Un quijotesco flaco con aguante de roca y golpe de martillo, que utilizaba como lanza su jab de izquierda, veloz, punzante y preciso, mostrando una agresividad tan escalofriante, que era capaz de destrozar molinos de viento y gigantes entre las cuerdas; eso sí, fuera del ring, siempre profundamente humano, gentil y elegante, bañado por su humildad congénita, en ese heroico y admirable tránsito que hizo por la vida, abriéndose paso de la nada a la gloria.

Así era Alexis Argüello, el más grande atleta pinolero de todos los tiempos, un auténtico ídolo surgido de las entrañas de un pueblo que también fue combativo por largo tiempo, en busca de lo que soñó y pensó, sería un futuro mejor, algo todavía pendiente entre las esperanzas carcomidas por una cruel realidad.

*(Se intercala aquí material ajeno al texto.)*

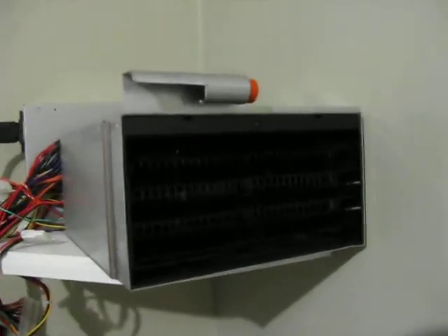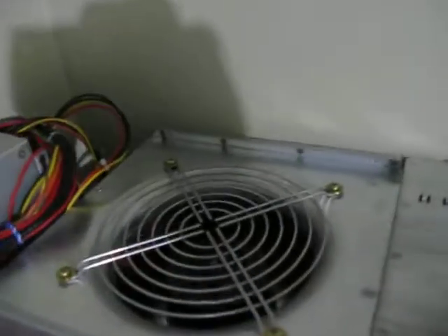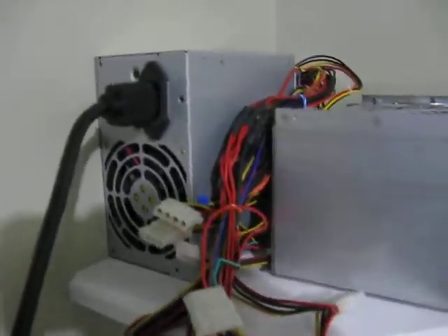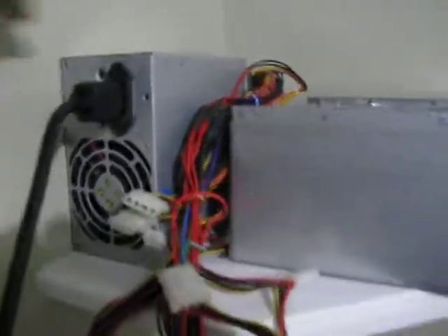This is it here. The front blades, it lets it out, and the actual fan itself. I have it hooked up to its own power supply. Let's give it a good flick.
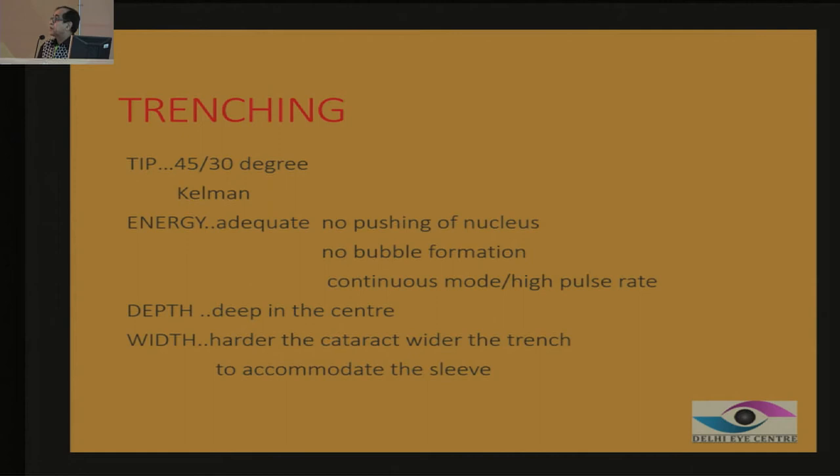When doing trenching, it can be done better with a 45-degree tip, but the 30-degree tip is the universal tip. For a hard nucleus, the Kelman tip is very good. For myopes, the Kelman tip is also very good. Because of its bend angle, you can go to greater depth more easily. So trenching is done very well with the Kelman tip.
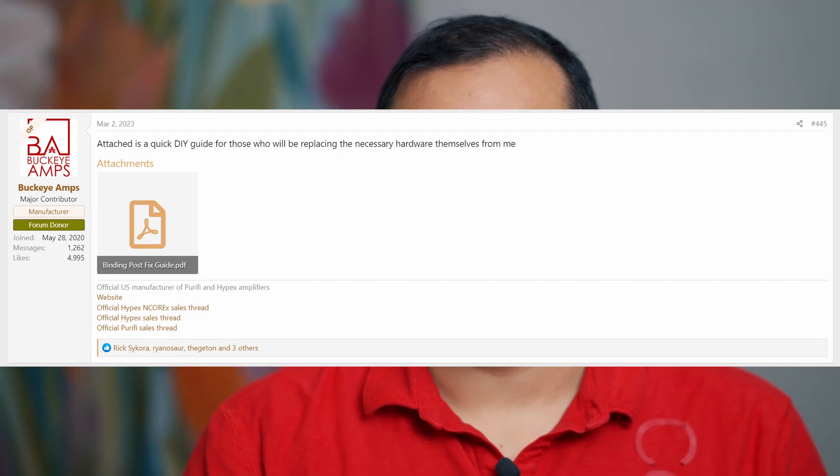Hey guys, welcome back to another Random Distractions home theater update video. In my Buckeye fix video, I mentioned that I had a little bit of trouble with the first female connector that I tried to crimp. I was able to finally get the others fixed, but that first one was kind of bugging me. Even though I didn't receive any instructions with the amp on how to make the fix, I felt it was pretty straightforward. I happened to be looking at the Audio Science Review forum on the Buckeye amps and noticed that Dylan had actually posted a document on how to go about fixing it.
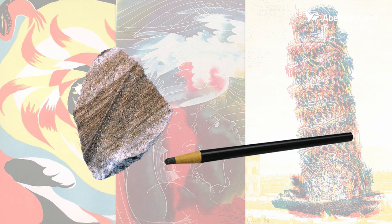Hi, I'm Julie from AbeBooks. Lithograph is a printing term, but do you actually know what that means? The term comes from the Greek words for stone and to write.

Aquel 1 de julio del 2009, no tuve tiempo de ver la cara del amanecer, y consecuentemente, no me percaté de lo siniestro de sus señales. De pronto, mientras manejaba hacia mi trabajo a las 6 de la mañana, una información noqueadora: Alexis Arguello se había suicidado. Fue como si de pronto, se le hubieran acabado las baterías al sol. Algo así, con permiso de Dickens en su Historia de dos ciudades, como pasar del mejor de los tiempos, al peor; de la época de la sabiduría a la de bobería; de la fe a la incredulidad; de la luz a las tinieblas.¡Diablos! ¿Cuándo creemos estar preparados para resistir la peor noticia?. Súbitamente, yo estaba viajando con mi corazón partido hacia ninguna parte, mientras el país se detenía bruscamente, con un alarido desgarrador.

¿Alexis Argüello muerto? ¡Por Dios! El más grande monumento construido con el orgullo deportivo de una afición, que por casi cuatro décadas lo había estado cubriendo de cariño y admiración sin interrupción, se había derrumbado. La noticia, taladraba implacablemente mis oídos y mis pensamientos.

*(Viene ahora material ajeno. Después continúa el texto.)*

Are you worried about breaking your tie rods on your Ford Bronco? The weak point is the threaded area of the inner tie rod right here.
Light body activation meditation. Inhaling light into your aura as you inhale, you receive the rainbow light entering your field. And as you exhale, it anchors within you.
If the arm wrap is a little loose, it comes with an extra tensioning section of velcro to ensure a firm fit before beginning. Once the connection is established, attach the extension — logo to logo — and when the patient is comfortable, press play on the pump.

Como diría Roa Bastos, “la rebelión de lo incierto se desvanecía casi tan rápidamente como el estupor inicial del descubrimiento”. El “no puede ser”, carecía de sentido. Y es que hay diferentes maneras de morir, pero la variante del suicidio nunca entraba en mis cálculos.

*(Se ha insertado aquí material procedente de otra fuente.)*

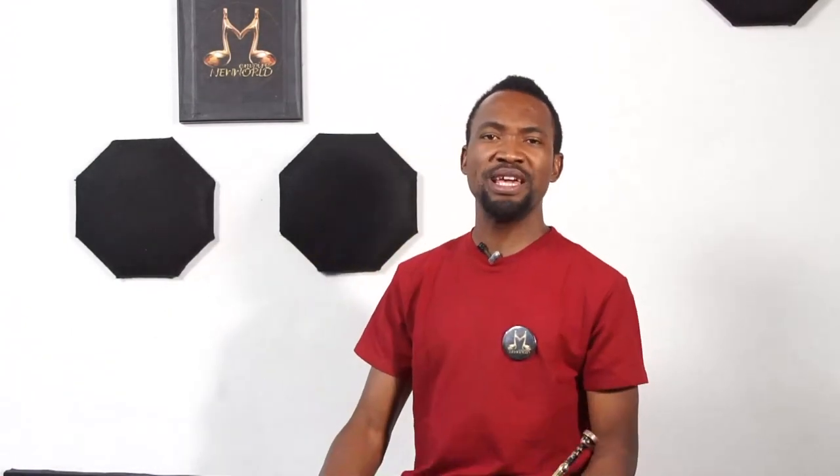On the trumpet today I want to show you how to play the high notes of the trumpet. The octave — key C octave to be precise. Which goes like this.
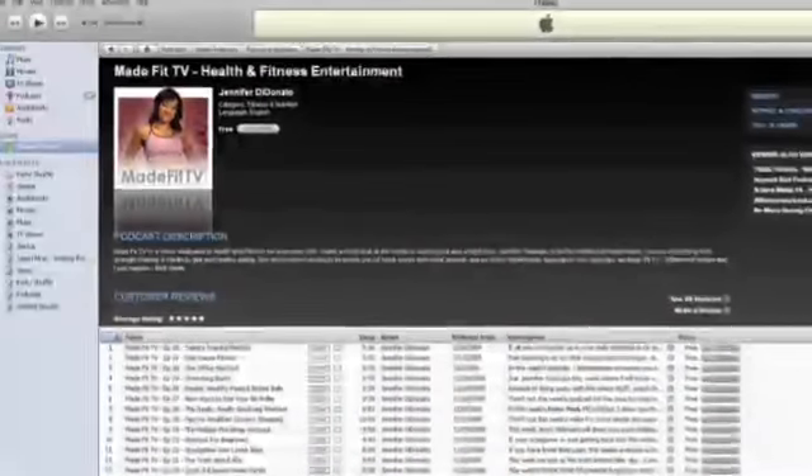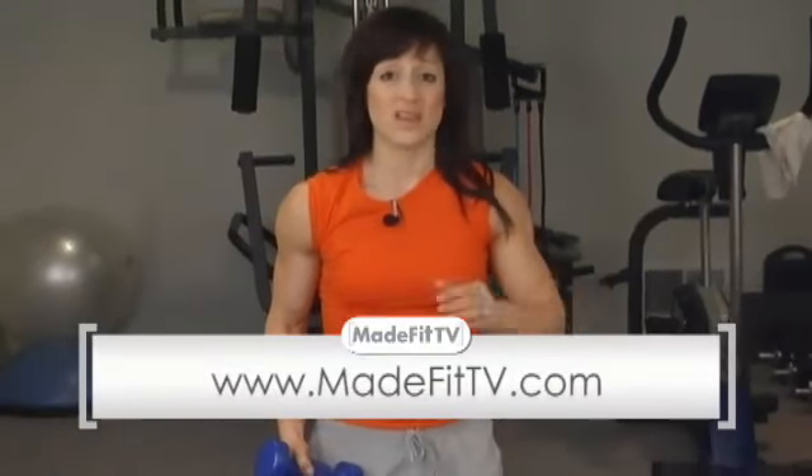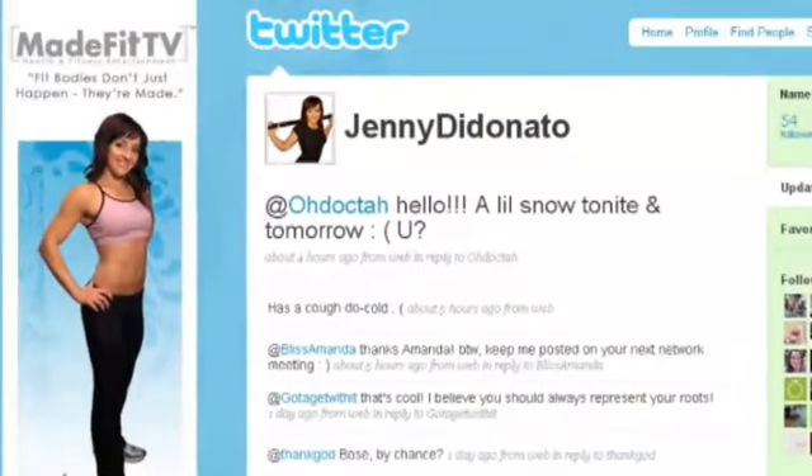We're also on iTunes — MadeFitTV is the keyword — and also on YouTube, MadeFitTV. Subscribe there, but most importantly subscribe on MadeFitTV.com by putting in your email address and it'll shoot an email right to you, because we post these every Wednesday morning. We also have our Ustream going live every Saturday at noon. Thanks so much, and check out Coach Austin — see what some people out there are doing incorporating health and fitness into their life. I'm on Twitter at Jenny DiDonato and also Facebook as Jennifer DiDonato.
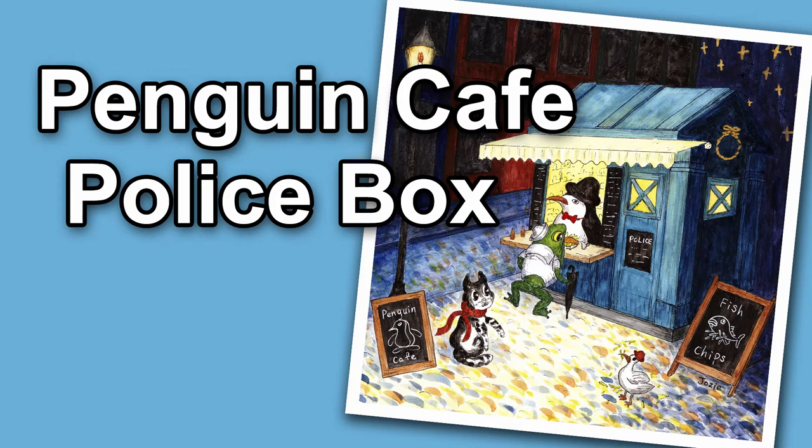Welcome to my channel. Today I'm going to paint this piece called Penguin Cafe Police Box. Let's get started.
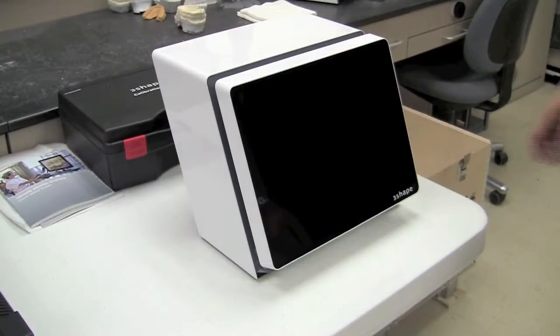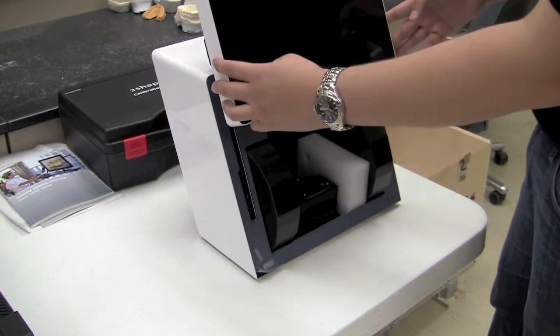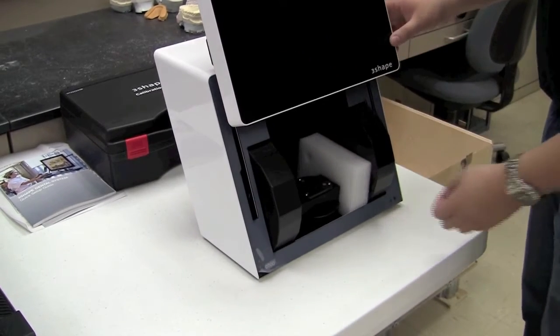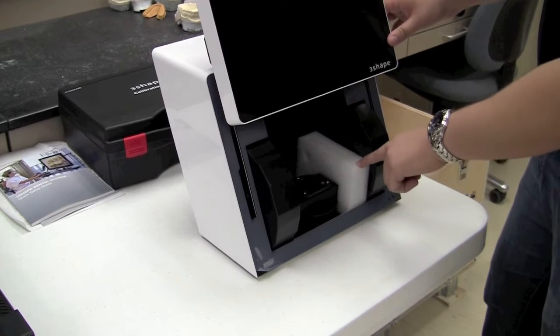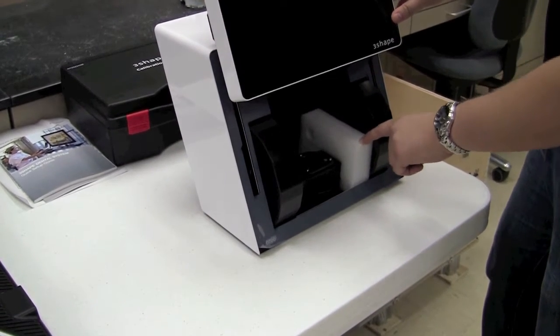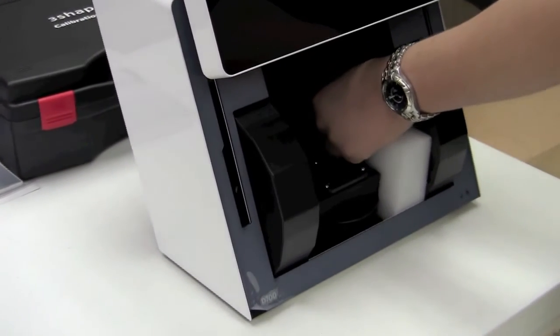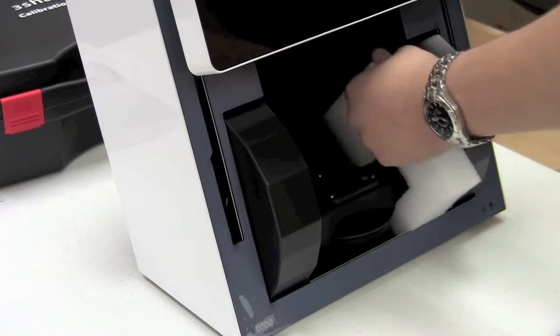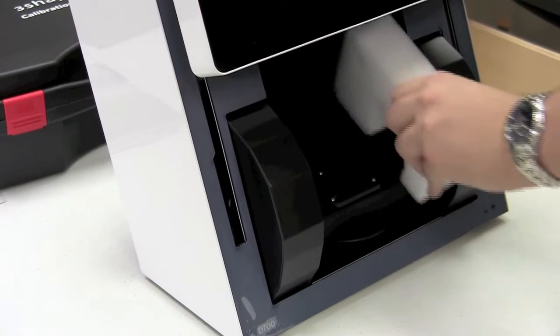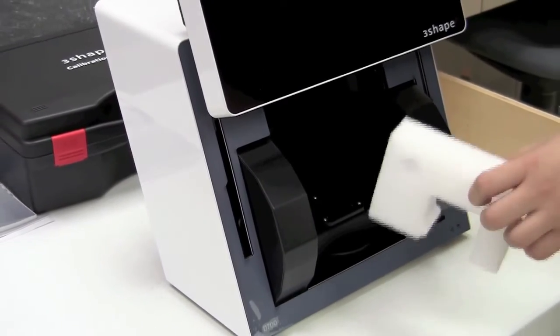The next step is to open the front door of the scanner. You can usually do this by pushing it straight up — it has struts that assist you in that. Inside, we're going to find a foam brace that holds the scanning table steady during shipping. Using the little finger hole in the back, place your finger in that hole and pull straight out, up and out. This removes the foam brace that holds it in place.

Hace unos años, cuando escuché a Alexis decir “lo he intentado más de una vez”, me sorprendió. Quizás porque lo perdí de vista en 1979, y sólo pude verlo nuevamente cuando el gobierno me envió a Venezuela junto con Samuel Santos, para decirle que se le devolverían sus propiedades confiscadas y que las puertas de su país, quedaban abiertas, propuesta que rechazó por su marcada y justificada desconfianza.

No sé en que momento, comenzó a tambalearse frente a la adicción, pero me percaté de los múltiples esfuerzos que se hicieron por que se enderezara. Una y otra vez, volvía a flaquear. Frente a ese nuevo y feroz adversario, Alexis careció de la exuberante fuerza de voluntad que le permitió edificar sus victorias más impresionantes y conquistar tres coronas mundiales.

Como es natural, completamente aturdido, me pregunté junto con todo el país: ¿Por qué lo hizo?, buscándole una explicación a lo inexplicable. Han pasado seis años y el impacto sigue aturdiendo a un país.